Biographer John W. Dawson describes Gödel’s result as follows:
"Gödel's achievement was to show how to construct a statement whose undecidability could be (informally) demonstrated. He did so by showing in very detailed fashion that a large number of basic syntactic notions are representable, through their code numbers, by formulas of formalized arithmetic.
Specifically, he showed that there is a binary, primitive recursive predicate B(x,y) that formalizes the notion "x is the code number of a proof of the formula whose code number is y", so that if n and m are natural numbers and n and m are the symbols denoting those numbers within the formal theory, then B(n,m) is disprovable otherwise.
It follows that the monadic predicate Bew(y) defined as an abbreviation for the formula (∃x)B(x,y), formalizes the notion "y is provable". The negation of Bew(y) then formalizes the notion "y is not provable"; and that notion, Gödel realized, could be exploited by resort to a diagonal argument reminiscent of Cantor's."
- Excerpt, Logical Dilemmas* by John W. Dawson (2006)
Complicated as Gödel’s proof by contradiction is, its construction may be superficially described as follows:
- Statements in the system (which may be true of false) can be represented by natural numbers, later known as Gödel numbers.
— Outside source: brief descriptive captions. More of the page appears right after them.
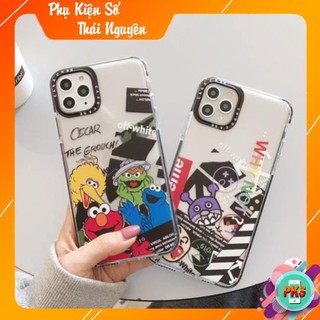 Ốp Lưng Iphone SESAME STREET  Chất PM Cao Cấp Chống Trơn Trượt 6/6s/7plus/8/8plus/x/xs/xs max/11/11 promax DT02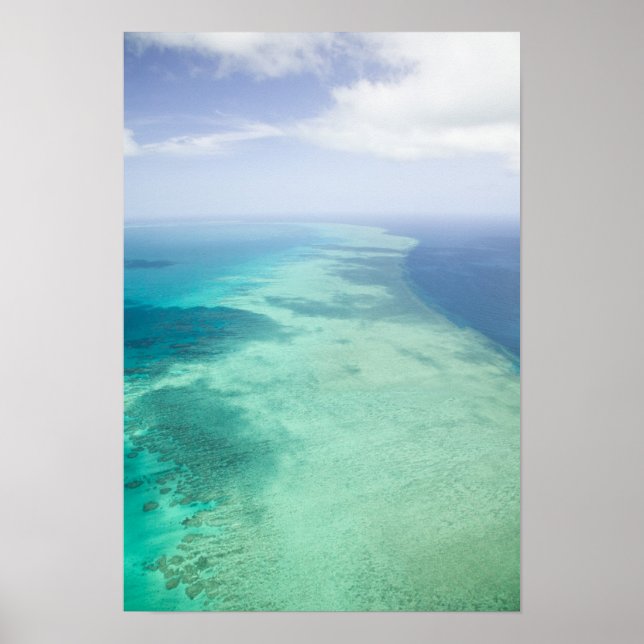Póster Australia, Queensland, Costa de Whitsunday, Gran (Frente)
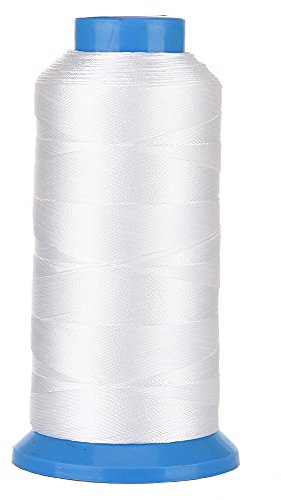 Selric [1500 Yards / 20 Farben verfügbar] UV-beständiges, hochfestes Polyester-Faden II #69 T70 Größe 210D/3 für Polstermöbel, Outdoor, Markt, Drapery, Perlen, Geldbörsen, Leder weiß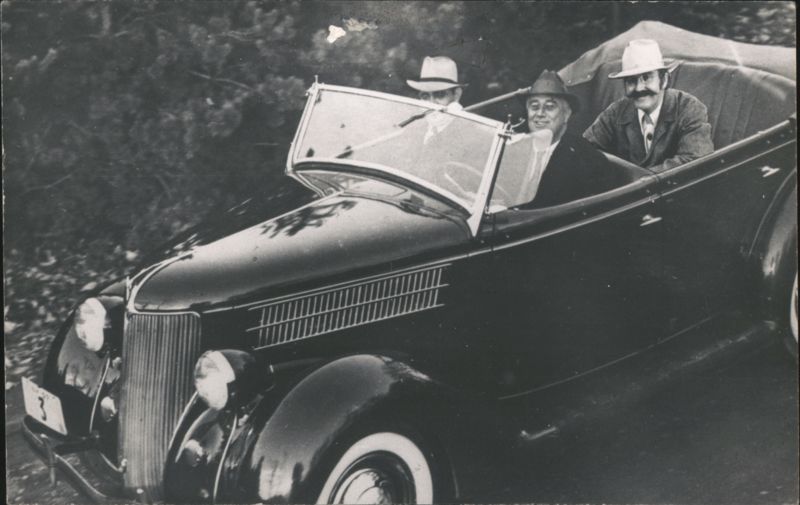 President Franklin D. Roosevelt in 1936 Ford Phaeton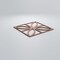 Ekena Millwork Medium Swansea Decorative Fretwork Wood Wall Panels, Wood (Paint Grade), 15 3/8"W x 15 3/8"H x 3/8"T WALW16X16X0375SWNMF - alternate 6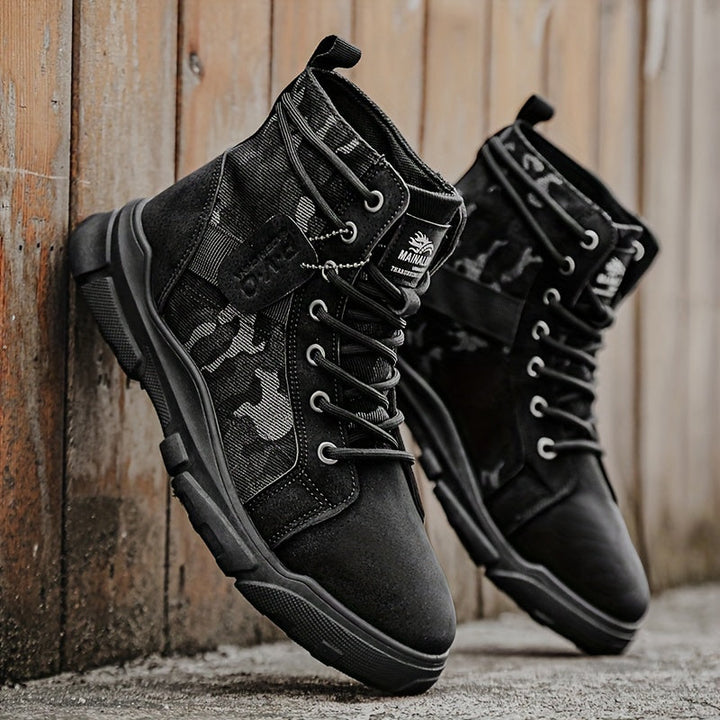 Mens Walking Boots - Durable Outdoor Boots for All-Terrain Adventures, Comfortable Fit and Ankle Support 7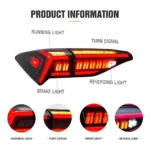 2019 Toyota Avalon Tail lights Replacement (19-21) With NEW LED Style Function Show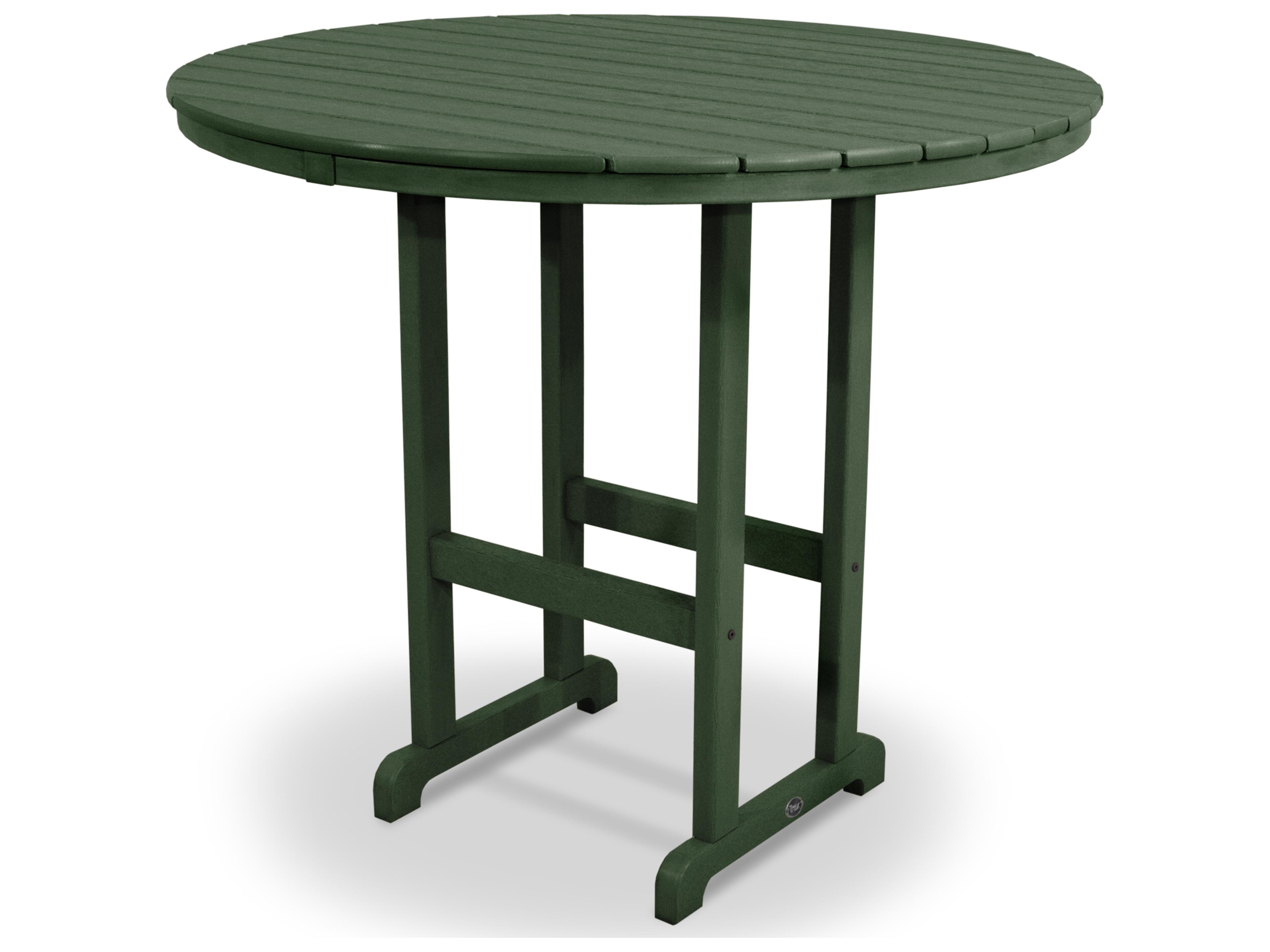 Trex® Outdoor Furniture™ Monterey Bay Recycled Plastic Round Bar Table with Umbrella Hole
Statements which are true have certain properties which are different than statements which are false. The truth and falsehood of statements in the system in other words may be demonstrated by examining their Gödel numbers.
- As a consequence, one can construct a mathematical formula which expresses the idea that “statement S is provable in the system”. This formula can applied to any statement S in the system in order to investigate its provability.
- Using Cantor’s diagonal argument, in all formal systems which are complete, we must thus be able to construct a Gödel number whose matching statement, when interpreted, is self-referential.
- The meaning of one such statement is equivalent to the English statement “I am unprovable” (read: “The Liar Paradox”). Such a self-referential statement demonstrates that there must exist statements in the system which are neither provable nor disprovable.
The fact that there exists a statement in the system which is neither provable nor disprovable demonstrates that that the system cannot be consistent if it is both complete (every formula may be derived from its axioms) and decidable (there exists an effective method for deriving the correct answer to any question).
The Undecidability of the Entscheidungsproblem (Turing, 1937)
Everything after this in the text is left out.